An FE investigation simulating intra-operative corrective forces applied to correct scoliosis deformity
Paediatric Spine Research Group, Institute of Health and Biomedical Innovation, Queensland University of Technology and Mater Health Services Brisbane, Room O718, Gardens Point Campus, 2 George Street, Brisbane, QLD, 4001, Australia
Scoliosis 2013, 8:9 doi:10.1186/1748-7161-8-9Published: 16 May 2013
Adolescent idiopathic scoliosis (AIS) is a deformity of the spine, which may require surgical correction by attaching a rod to the patient’s spine using screws implanted in the vertebral bodies. Surgeons achieve an intra-operative reduction in the deformity by applying compressive forces across the intervertebral disc spaces while they secure the rod to the vertebra. We were interested to understand how the deformity correction is influenced by increasing magnitudes of surgical corrective forces and what tissue level stresses are predicted at the vertebral endplates due to the surgical correction.
Patient-specific finite element models of the osseoligamentous spine and ribcage of eight AIS patients who underwent single rod anterior scoliosis surgery were created using pre-operative computed tomography (CT) scans. The surgically altered spine, including titanium rod and vertebral screws, was simulated. The models were analysed using data for intra-operatively measured compressive forces – three load profiles representing the mean and upper and lower standard deviation of this data were analysed.
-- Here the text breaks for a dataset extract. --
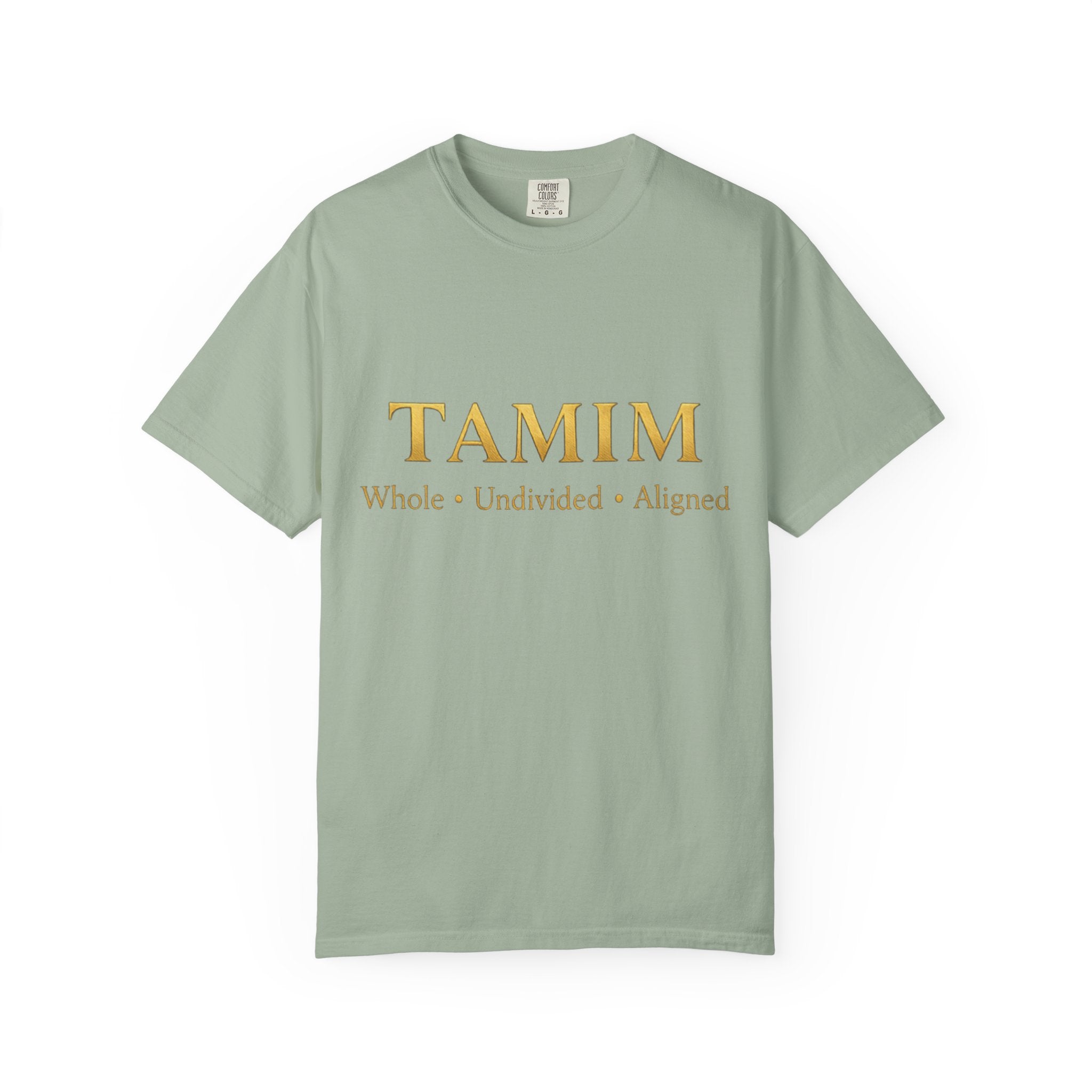 TAMIM Garment-Dyed Tee – Whole • Undivided • Aligned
Data for the clinically observed deformity correction (Cobb angle) were compared with the model-predicted correction and the model results investigated to better understand the influence of increased compressive forces on the biomechanics of the instrumented joints.
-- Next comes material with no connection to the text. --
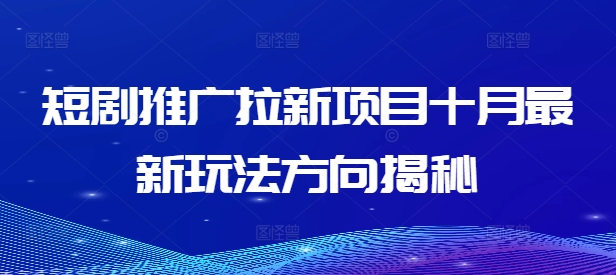 短剧推广拉新项目十月最新玩法方向揭秘-连烟牍库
The predicted corrected Cobb angle for seven of the eight FE models were within the 5° clinical Cobb measurement variability for at least one of the force profiles. The largest portion of overall correction was predicted at or near the apical intervertebral disc for all load profiles. Model predictions for four of the eight patients showed endplate-to-endplate contact was occurring on adjacent endplates of one or more intervertebral disc spaces in the instrumented curve following the surgical loading steps.
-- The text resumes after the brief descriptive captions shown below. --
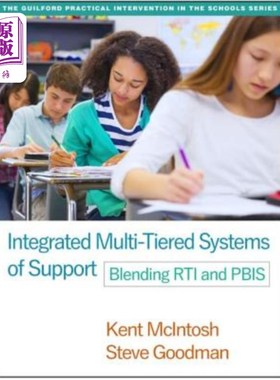 海外直订医药图书Integrated Multi-Tiered Systems of Support: Blending Rti and Pbis 集成的多层支持系统：RTI和PBI的混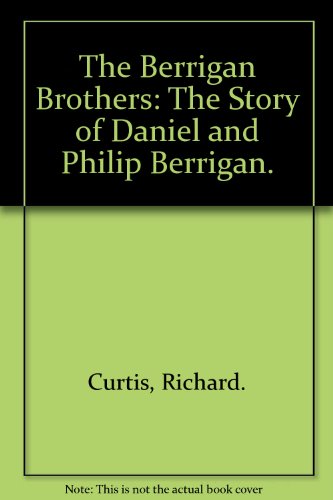The Berrigan brothers; the story of Daniel and Philip Berrigan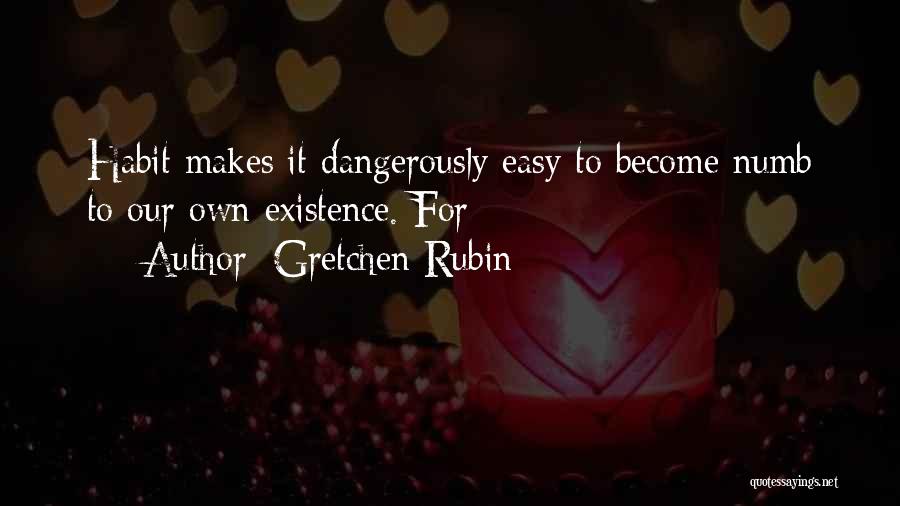 Gretchen Rubin Quotes: Habit Makes It Dangerously Easy To Become Numb To Our Own Existence. For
This study demonstrated there is a direct relationship between intra-operative joint compressive forces and the degree of deformity correction achieved. The majority of the deformity correction will occur at or in adjacent spinal levels to the apex of the deformity. This study highlighted the importance of the intervertebral disc space anatomy in governing the coronal plane deformity correction and the limit of this correction will be when bone-to-bone contact of the opposing vertebral endplates occurs.